> **Data extracts**
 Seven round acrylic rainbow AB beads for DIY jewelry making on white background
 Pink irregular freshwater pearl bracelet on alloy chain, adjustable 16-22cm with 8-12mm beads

...

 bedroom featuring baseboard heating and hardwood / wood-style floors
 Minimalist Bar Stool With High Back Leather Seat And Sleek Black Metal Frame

> **What to work on**
All that belongs in the answer is the run of lines above from the line containing "bedroom featuring baseboard" through the line containing "Minimalist Bar Stool", exactly as written.

> **Answer area**
 bedroom featuring baseboard heating and hardwood / wood-style floors
 Minimalist Bar Stool With High Back Leather Seat And Sleek Black Metal Frame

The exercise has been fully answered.